Лиля осталась в моей памяти небольшого роста, красивой, милой девушкой лет шестнадцати. Она была блондинкой с широко расставленными зелеными глазами, длинными ресницами, подвижной и веселой. Помню, пошила сама себе белый матерчатый шлем и синий комбинезон. На лице у нее был небольшой румянец.

А руководил нашими полетами инструктор Кузьмин, он приезжал на аэродром на мотоцикле вместе со своей женой, которая тоже была студенткой и училась в нашем аэроклубе. Лиля в то далекое время жила неподалеку от института, где-то в районе Новослободской или Бутырок, мы нередко заезжали за ней по дороге в «Медвежьи озера».

Полеты совершали на У-2, и первой всегда летала Лиля, показывая нам, ребятам, как нужно летать. Замечаний от инструктора она не получала, нам же всегда доставалось от Кузьмина, который и на земле, и в воздухе величал нас «сундуками».

Несмотря на красивую внешность, Лиля была очень скромной. Потом, когда мы сдали зачеты и получили звание пилотов, все разъехались кто куда, и я потерял следы Лили Литвяк. Посылаю Вам фотографию тех лет, случайно сохранившуюся. Фотография любительская, очень плохая, изображение, как Вы можете заметить, слабое, но если приглядеться, то на крыле самолета, выше всех, стоит Лиля Литвяк в белом шлеме. Повторяю, это была обаятельная личность. Добрая и вечная ей память!

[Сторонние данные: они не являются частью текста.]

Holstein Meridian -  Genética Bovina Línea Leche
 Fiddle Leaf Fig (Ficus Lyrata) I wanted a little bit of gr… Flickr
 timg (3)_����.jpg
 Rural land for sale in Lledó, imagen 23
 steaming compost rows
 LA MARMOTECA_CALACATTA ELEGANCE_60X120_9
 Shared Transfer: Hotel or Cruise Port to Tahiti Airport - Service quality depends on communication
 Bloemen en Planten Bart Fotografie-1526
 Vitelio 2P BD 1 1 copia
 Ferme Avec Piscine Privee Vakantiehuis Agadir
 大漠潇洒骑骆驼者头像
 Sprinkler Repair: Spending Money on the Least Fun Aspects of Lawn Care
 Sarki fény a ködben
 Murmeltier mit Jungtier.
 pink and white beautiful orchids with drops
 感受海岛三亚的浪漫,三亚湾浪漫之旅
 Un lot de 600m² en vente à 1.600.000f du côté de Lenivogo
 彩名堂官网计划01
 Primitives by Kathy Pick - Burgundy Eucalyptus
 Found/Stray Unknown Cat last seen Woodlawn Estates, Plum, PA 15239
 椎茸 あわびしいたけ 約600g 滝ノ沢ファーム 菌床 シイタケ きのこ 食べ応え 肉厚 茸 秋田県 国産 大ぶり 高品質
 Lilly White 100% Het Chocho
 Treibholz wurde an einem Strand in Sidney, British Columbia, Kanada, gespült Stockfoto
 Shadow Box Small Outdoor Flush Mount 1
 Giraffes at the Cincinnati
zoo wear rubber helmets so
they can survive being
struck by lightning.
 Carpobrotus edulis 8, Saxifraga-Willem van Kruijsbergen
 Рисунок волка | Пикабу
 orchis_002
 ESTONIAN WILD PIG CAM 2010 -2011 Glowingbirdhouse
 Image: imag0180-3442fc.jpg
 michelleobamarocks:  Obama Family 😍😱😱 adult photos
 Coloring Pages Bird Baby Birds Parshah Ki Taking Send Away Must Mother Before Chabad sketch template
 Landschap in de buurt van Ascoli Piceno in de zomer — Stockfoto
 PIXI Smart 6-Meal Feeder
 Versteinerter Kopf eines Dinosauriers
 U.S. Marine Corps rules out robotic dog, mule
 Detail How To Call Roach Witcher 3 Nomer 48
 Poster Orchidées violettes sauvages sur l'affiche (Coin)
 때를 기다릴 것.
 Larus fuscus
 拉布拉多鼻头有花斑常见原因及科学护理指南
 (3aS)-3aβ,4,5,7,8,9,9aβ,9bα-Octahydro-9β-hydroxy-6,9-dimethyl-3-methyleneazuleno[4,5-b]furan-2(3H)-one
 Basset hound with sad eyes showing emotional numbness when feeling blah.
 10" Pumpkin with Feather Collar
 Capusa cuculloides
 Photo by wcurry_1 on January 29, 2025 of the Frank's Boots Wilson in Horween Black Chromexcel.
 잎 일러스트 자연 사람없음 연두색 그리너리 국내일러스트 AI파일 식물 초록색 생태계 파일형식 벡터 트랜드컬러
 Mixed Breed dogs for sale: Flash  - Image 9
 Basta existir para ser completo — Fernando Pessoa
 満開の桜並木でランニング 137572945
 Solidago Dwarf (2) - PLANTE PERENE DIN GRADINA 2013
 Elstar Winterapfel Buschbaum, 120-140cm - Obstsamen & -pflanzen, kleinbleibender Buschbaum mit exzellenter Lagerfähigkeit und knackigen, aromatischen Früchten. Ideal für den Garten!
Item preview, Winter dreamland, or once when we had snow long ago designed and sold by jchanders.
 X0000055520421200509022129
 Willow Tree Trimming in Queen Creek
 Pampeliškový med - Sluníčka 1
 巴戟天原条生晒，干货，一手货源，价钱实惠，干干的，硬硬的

С наилучшими пожеланиями — Щербаков Анатолий Александрович, гор. Тернополь, Украинская ССР».

Письмо Ольги Тимофеевны Голубевой, бывшего авиационного штурмана, капитана запаса (г. Саратов):

«Читая «Белую лилию», я оказалась как бы в двух измерениях: с «Комсомолкой» в руках в своей мирной уютной квартире и там, за годами, в военном городке, где Герой Советского Союза Марина Раскова формировала женскую авиачасть. Я пришла туда со школьной скамьи, и все во мне трепетало: ведь войну я представляла в романтическом плане. На летчиц мы, новички, вчерашние школьницы, смотрели как на богинь. А среди них выделялась одна, на которую мне очень хотелось походить — веселая, кокетливая, озорная… Хороша была Лиля! Стройная, зеленоглазая, с очаровательной улыбкой и звонким, музыкальным, что ли, смехом. Ни одна фотокарточка не даст полного представления о ее красоте! Выдали ей комбинезон под цвет глаз — зеленый. А воротник у него был рыжий. Хорошо бы мехом каким украсить… Задумано — сделано: Лиля распорола унтята белого меха, сшила из них воротник и приделала к комбинезону. Глаз не оторвать! Идет, как картинка, девчонки с завистью смотрят, парни рты раскрывают от восхищения. И вот — построились на аэродроме, и вдруг Раскова, увидев Лилин комбинезон «в мехах», строго сказала: «Сержант Литвяк, выйти из строя! Это что такое? Снять, распороть, сшить снова унтята и доложить!» — «Товарищ майор! — сказала Лиля. — А разве мне не идет?» — «Что-о-о?! Три наряда вне очереди!!» Позже, уже на фронте, когда я летала в открытой кабине По-2, я поняла справедливое требование Расковой: даже в меховых унтятах ноги мерзли. А тогда… Наряды вне очереди мы исполняли с Лилей вместе, потому что я тут же поддержала ее, что-то крикнув из строя… Помню наши споры до хрипоты. О любви, о полетах, о войне. Многие считали, что раз война, то забудь о любви. В летном городке было много парней и, естественно, они заглядывались на девушек. Одни из нас держались высокомерно, другие просто скромно, но были и такие девушки, которые озорно задирали ребят. Лиля всегда была окружена толпой поклонников, особенно, когда шла с танцев из ДКА. «Прекрати кокетничать! — осуждали ее иные. — Ведь война!» — «А если война, так что?» — «Поди, ты и целуешься?!» — «Чудачки! — отвечала Лиля. — Война не отменяет поцелуев и любви!» Но мы, ее подруги, знали: Лиля очень скромная девчонка, просто озорная. И она любила жизнь.